The Portfolio Committee on Public Works on Tuesday resolved to withdraw the Expropriation Bill so that it can be reintroduced after the Joint Constitutional Review Committee finishes its work on expropriation of land without compensation.
"The committee has observed that the work of the Joint Constitutional Review Committee is now approaching a conclusion and the recommendations are soon to be made available once concluded before the end of September, which will lead to new parliamentary processes, including legislative processes, and new directions should become clearer before the end of 2018," reads a statement from committee chairperson Humphrey Mmemezi.
"The committee is aware that this process will lead to the minister of public works reintroducing a revised Expropriation Bill that will possibly include clauses that deal with expropriation of land without compensation.
"That bill will give more clarity on how South Africans should deal with the land question and the property issues that today still favour the minority at the expense of the majority of South Africans, in particular black people."
The committee believes rejecting this bill in its current form will assist and avoid running a parallel process while there is a committee of Parliament that is still busy with the possible [review] of section 25 of the Constitution.
"The committee is happy and hopes for a better piece of legislation that will include the inputs from South Africans across the country on the land and property question," Mmemezi said.
ANC welcomes withdrawal
The committee has adopted a report that recommends to the National Assembly that the current Expropriation Bill be rejected.
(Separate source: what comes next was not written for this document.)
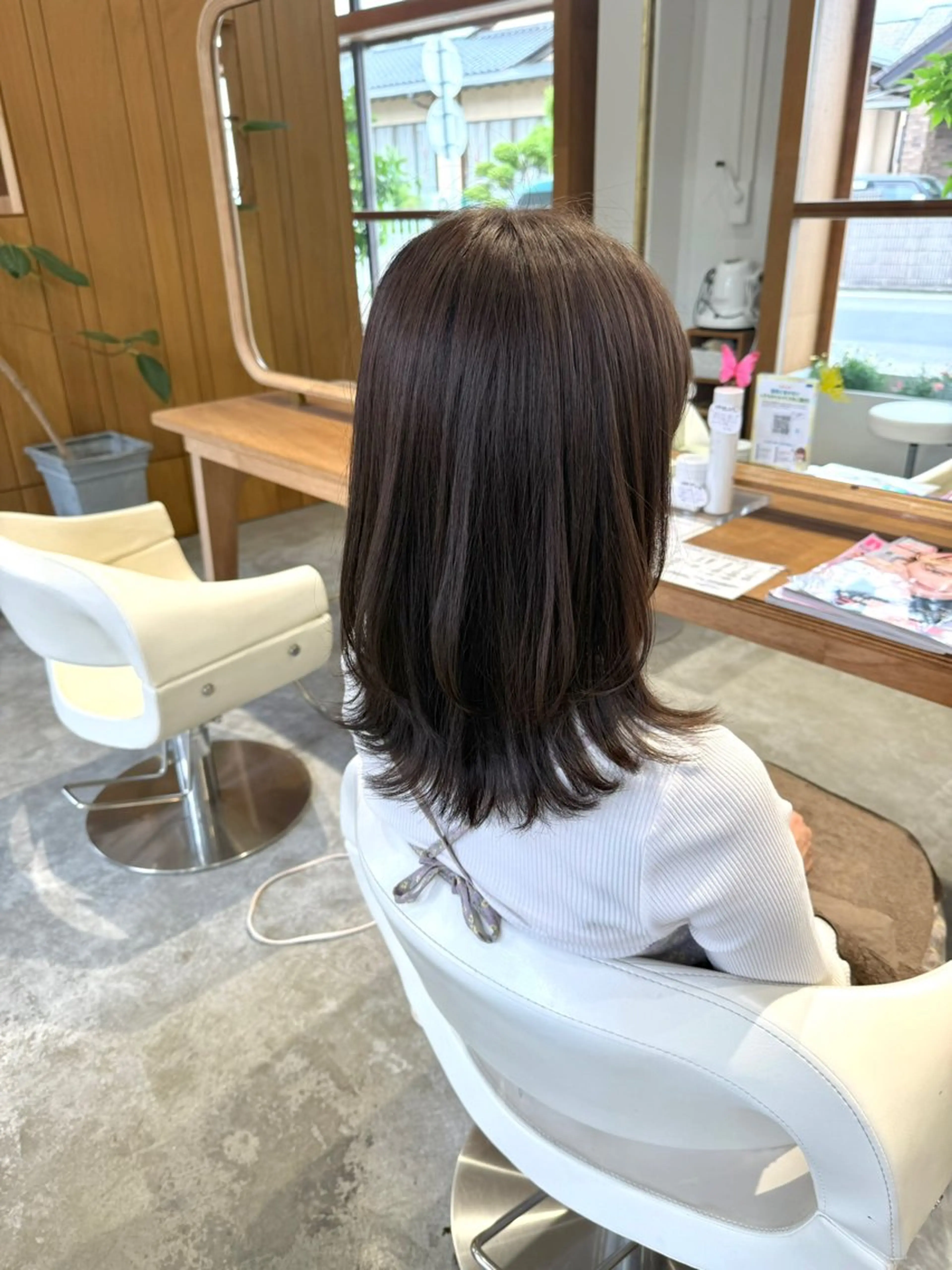 ミディアム カラー ミディアムレイヤー ベージュカラー ブルーカラー レイヤーカット カット ヘアカラー フラム所属・WATANABE MISAKIのヘアスタイル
Mmemezi believes that the National Assembly might deal with this matter as soon as next week.
The ANC study group on public works welcomed the withdrawal.
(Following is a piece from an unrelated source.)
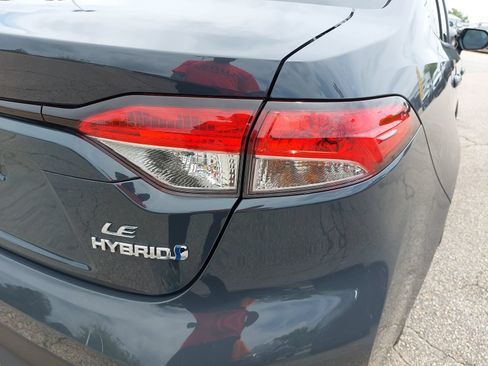 Used 2024 Toyota Corolla LE FWD image 35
"As the ANC, we reiterate our commitment to pursue the expropriation of land without compensation as one of the measures to ensure that land reform is implemented in a way that increases agricultural production, improves food security and ensures that the land is returned to those from whom it was taken under colonialism and apartheid," said the ANC whip in the committee, Freddie Adams, in a statement.
The bill had a fraught passage through Parliament. After it was adopted in 2016, then president Jacob Zuma had to refer it back to Parliament after questions were raised about the public participation process while the bill was before the National Council of Provinces.
The bill sought to bring expropriation in line with the Constitution. Current expropriation legislation dates back to the 1970s when John Vorster was still prime minister.